## What you need to do
When you reach the line with "Anillo de compromiso", start repeating the lines exactly and keep going to the end of the records, but drop every picture.
* * * * * * * * *
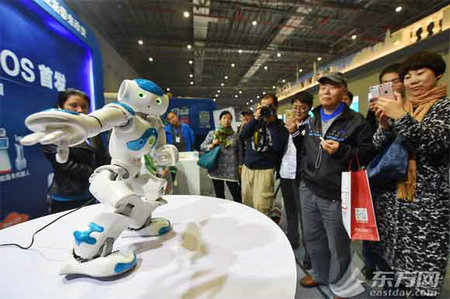 “機(jī)器人軍團(tuán)”強(qiáng)勢(shì)登陸2015工博會(huì)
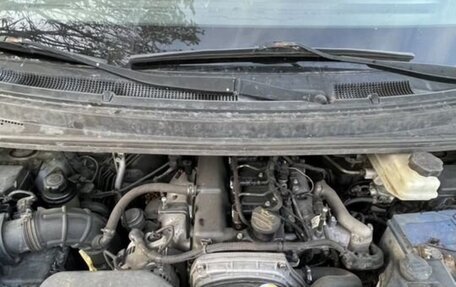 Hyundai Grand Starex Grand Starex I рестайлинг 2, 2012 год, 1 000 000 рублей, 15 фотография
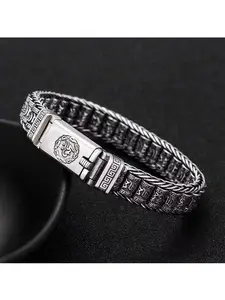 Handmade Creative Roadrunner Prayer Wheel Bracelet for Men, Unique Design Meditation Accessory, Perfect Gift for Spiritual Practices, Exquisite Bracelet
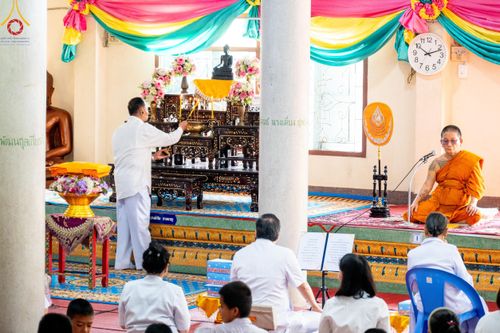 ภาพ No.189717:พิธีทอดผ้าป่าทำนุบำรุงศาสนสถาน ในโครงการธรรมยาตรา กตัญญูบูชา มหาปูชนียาจารย์ พระมงคลเทพมุนี(สด จนฺทสโร) พระผู้ปราบมาร อนุสรณ์สถาน 7 แห่ง ปีที่ 13 ณ วัดใหม่พิบูลย์ผล ต.บางเลน อ.สองพี่น้อง จ.สุพรรณบุรี วันที่ 5 มกราคม พ.ศ. 2568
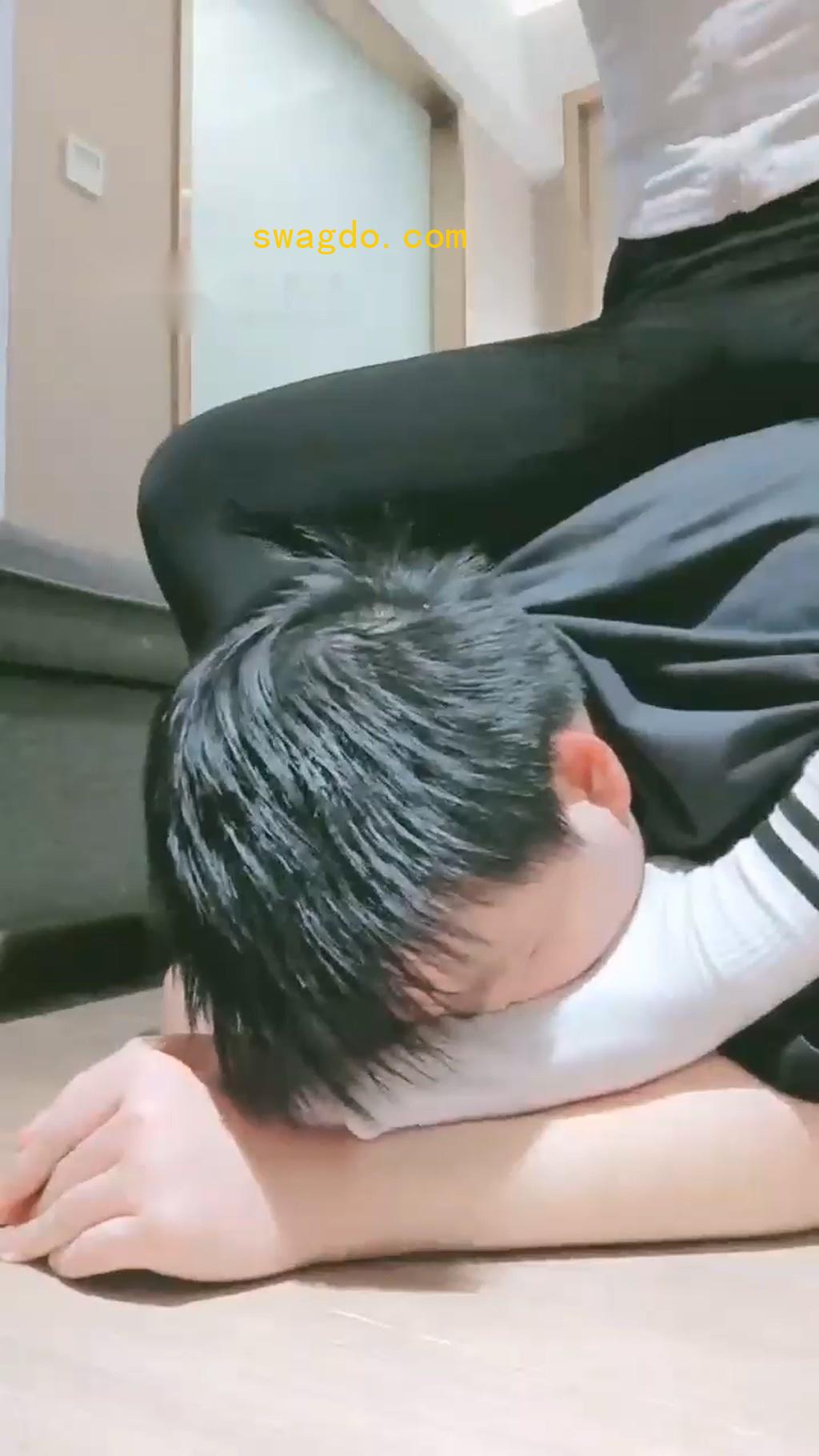 【妮蔻】除臭踢裆【57分钟】
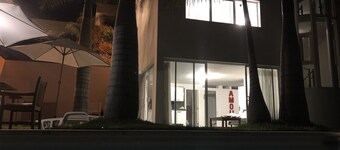 Pool & Palm Trees in the center of Los Llanos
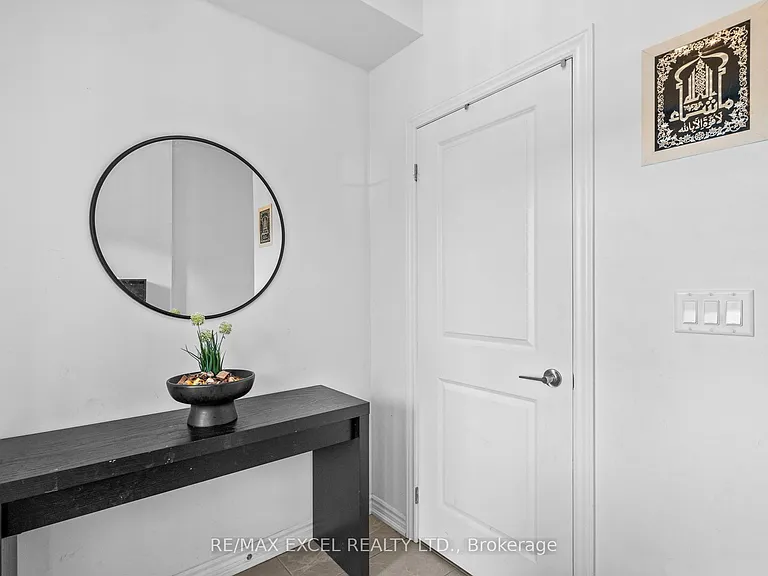 37 Macpherson St — Photo 9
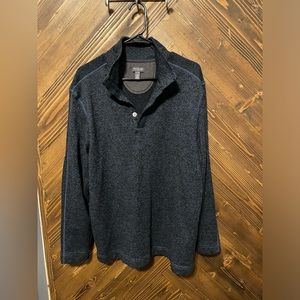 Men’s navy blue quarter button down sweater. Size XL. Brand Van Heusen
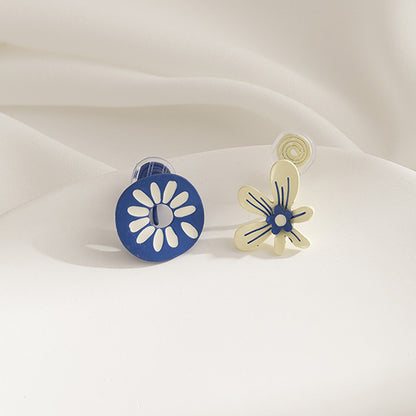  Celebrate individuality with our "Blue Flower Mismatched Clip-On Earrings." These enamel flowers are a delightful way to accessorize with flair and fun.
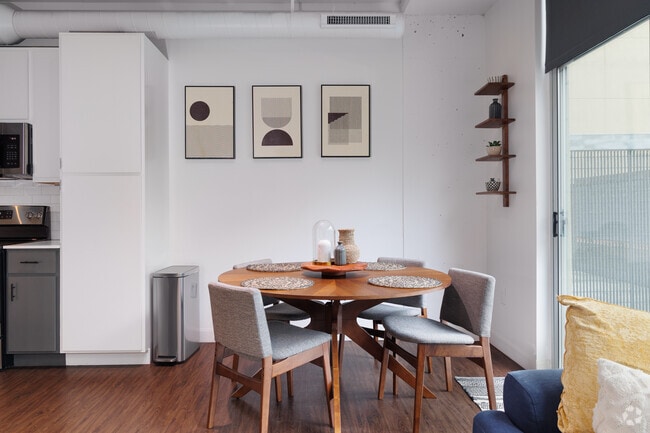 1BR, 1BA - 745SF - PERSHING - Dining room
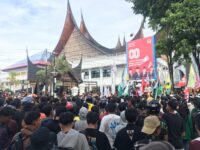 Massa aksi yang terdiri dari elemen masyarakat mulai dari mahasiswa, kelompok masyarakat sipil hingga pengemudi ojol unjuk rasa di DPRD Sumbar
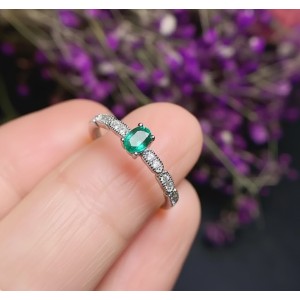 Anillo de compromiso en plata con esmeralda - anillo para boda en plata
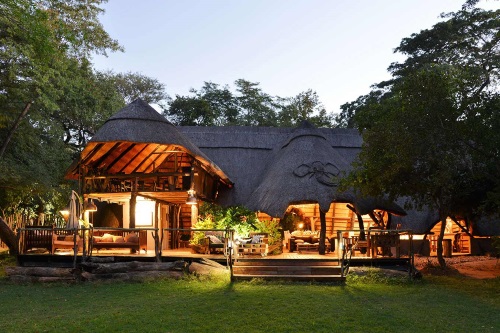 Ivory Lodge buitenkant 001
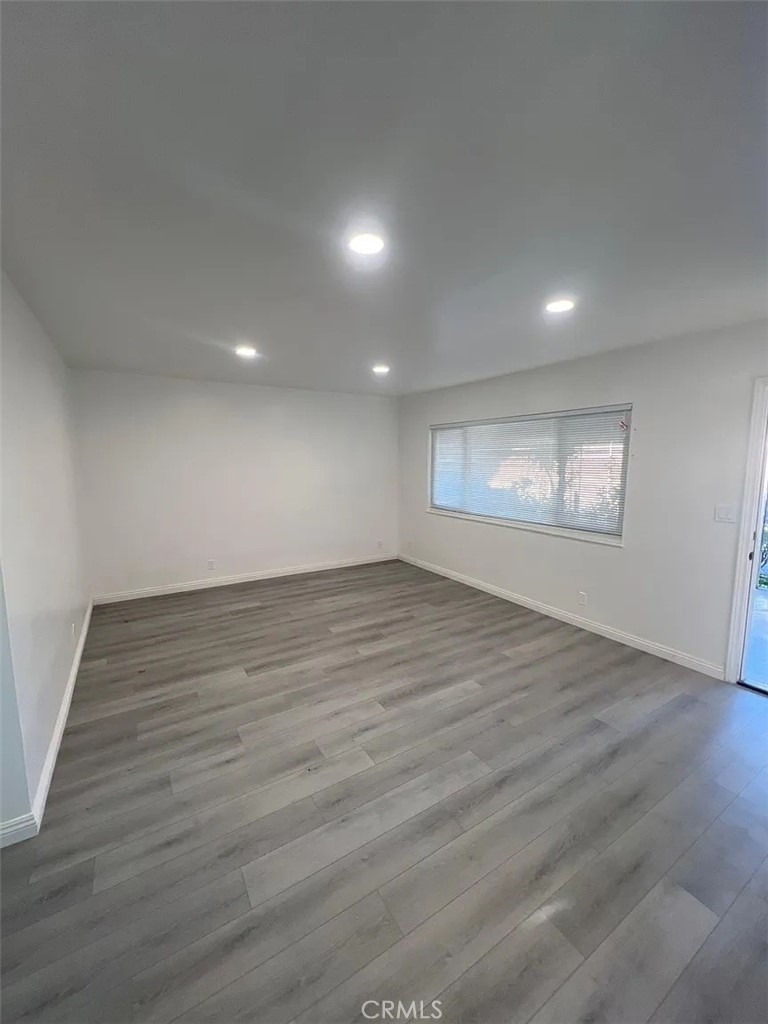 293 W Artesia Street - Photo 6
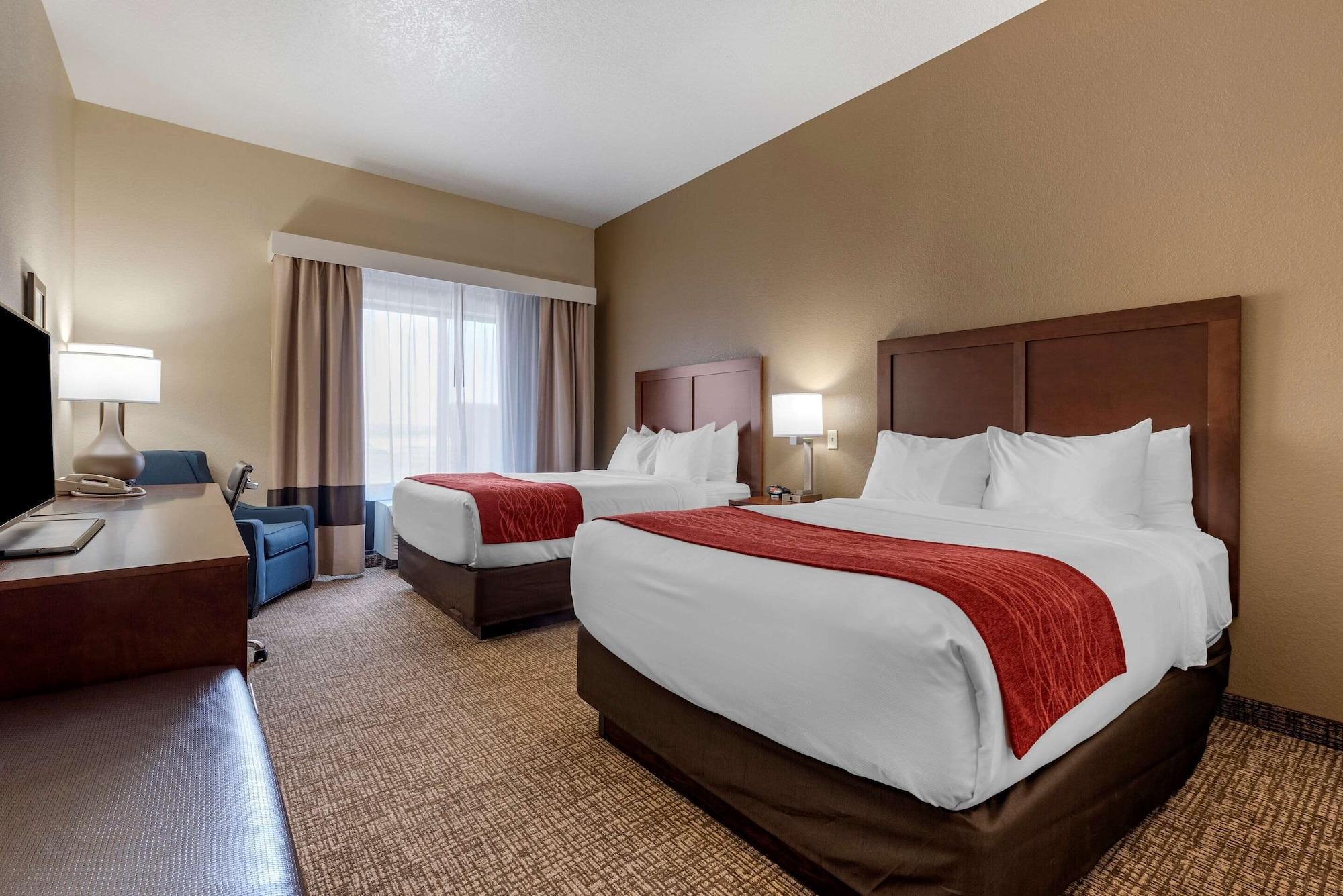 Comfort Inn & Suites Goodland Bagian luar foto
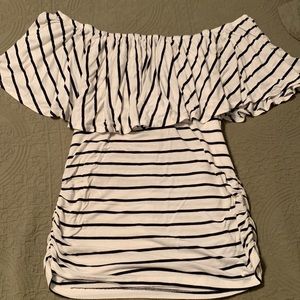 Venus off-the-shoulder top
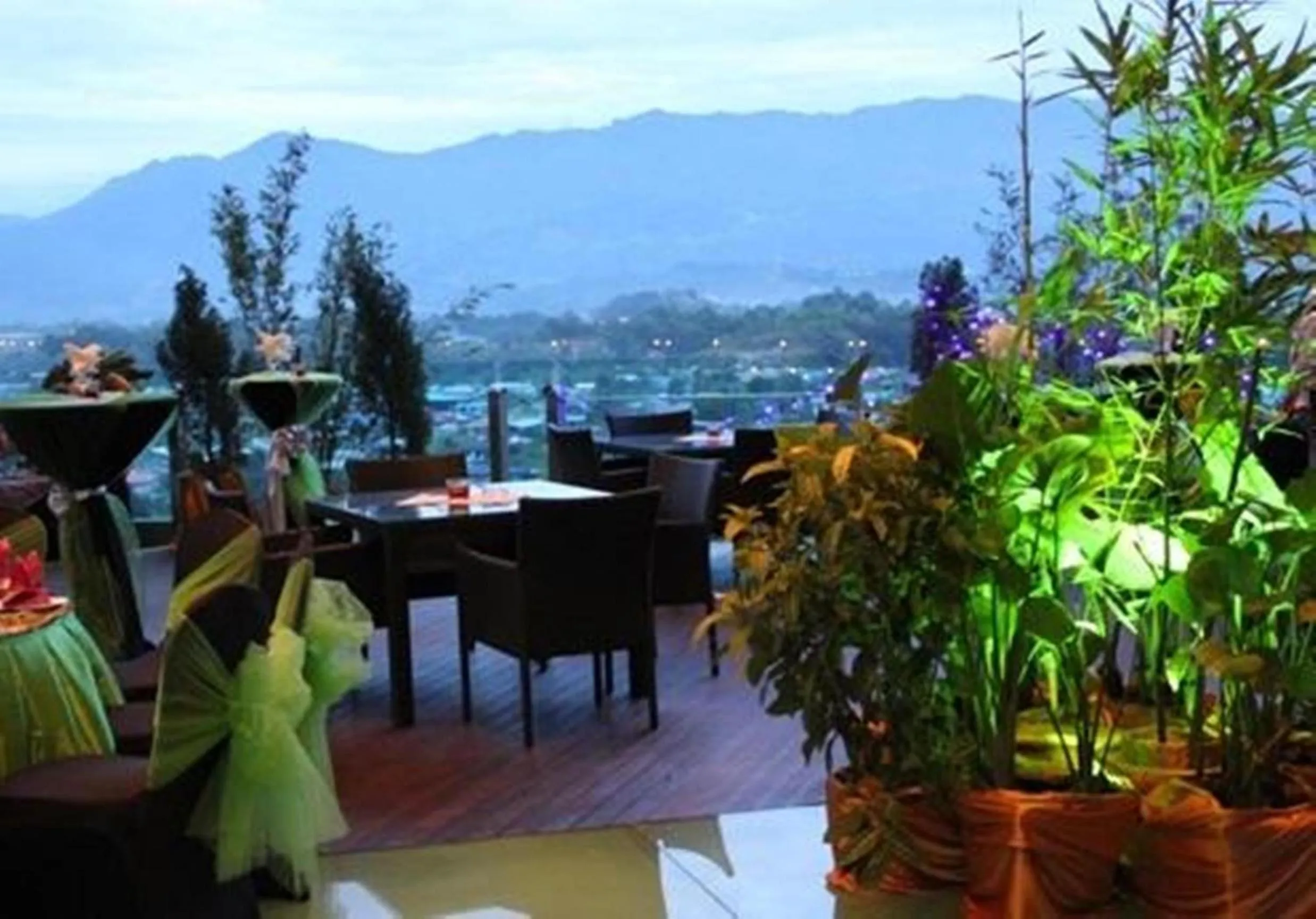 Patio in Courtyard Hotel 1Borneo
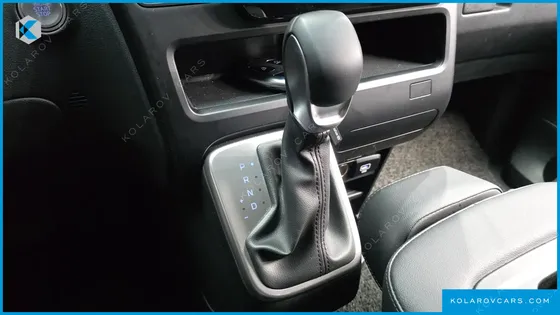 HYUNDAI STARIA TOURER 9-SEATER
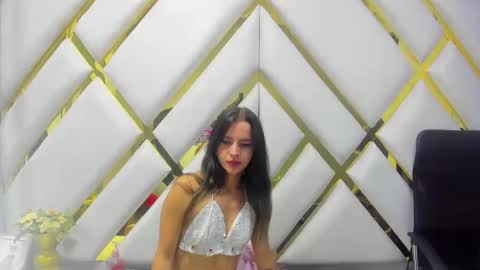 Snapshot of cooperemma_ chatting on 20, 12, 2024 CooperEmma  online show from 20, 12, 2024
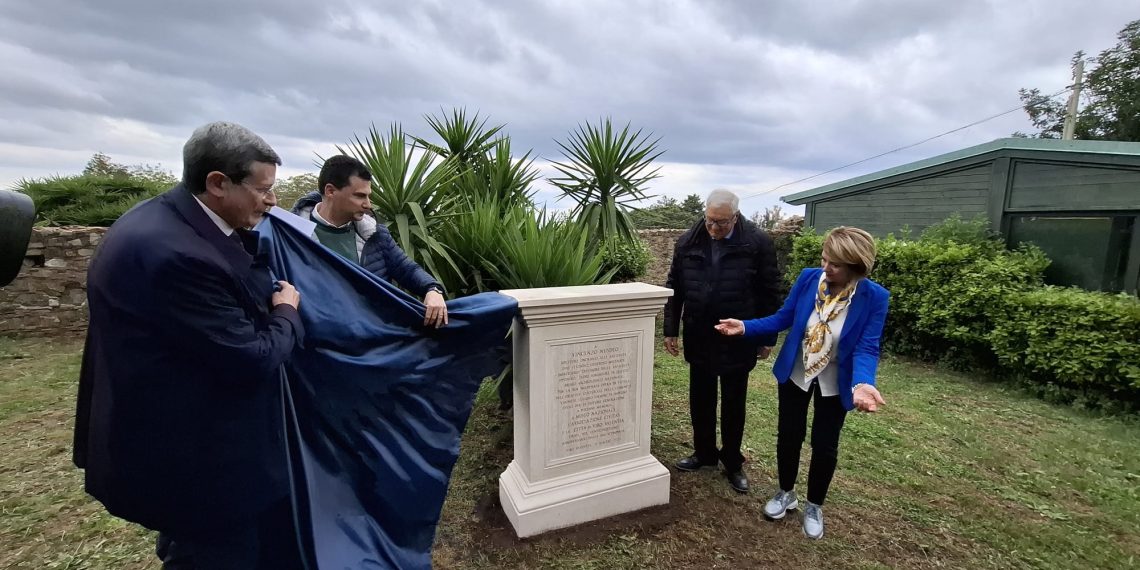 Al Museo Archeologico Vito Capialbi una stele per ricordare il fondatore Vincenzo Nusdeo (video)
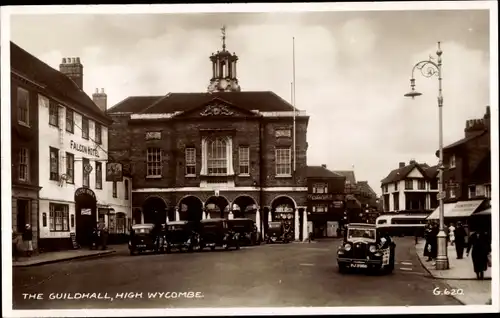 Ak High Wycombe Buckinghamshire, The Guildhall, Falcon Hotel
* * * * * * * * *
## Answer space
 Anillo de compromiso en plata con esmeralda - anillo para boda en plata
 Ivory Lodge buitenkant 001
 293 W Artesia Street - Photo 6
 Comfort Inn & Suites Goodland Bagian luar foto
 Venus off-the-shoulder top
 Patio in Courtyard Hotel 1Borneo
 HYUNDAI STARIA TOURER 9-SEATER
 Snapshot of cooperemma_ chatting on 20, 12, 2024 CooperEmma  online show from 20, 12, 2024
 Al Museo Archeologico Vito Capialbi una stele per ricordare il fondatore Vincenzo Nusdeo (video)
 Ak High Wycombe Buckinghamshire, The Guildhall, Falcon Hotel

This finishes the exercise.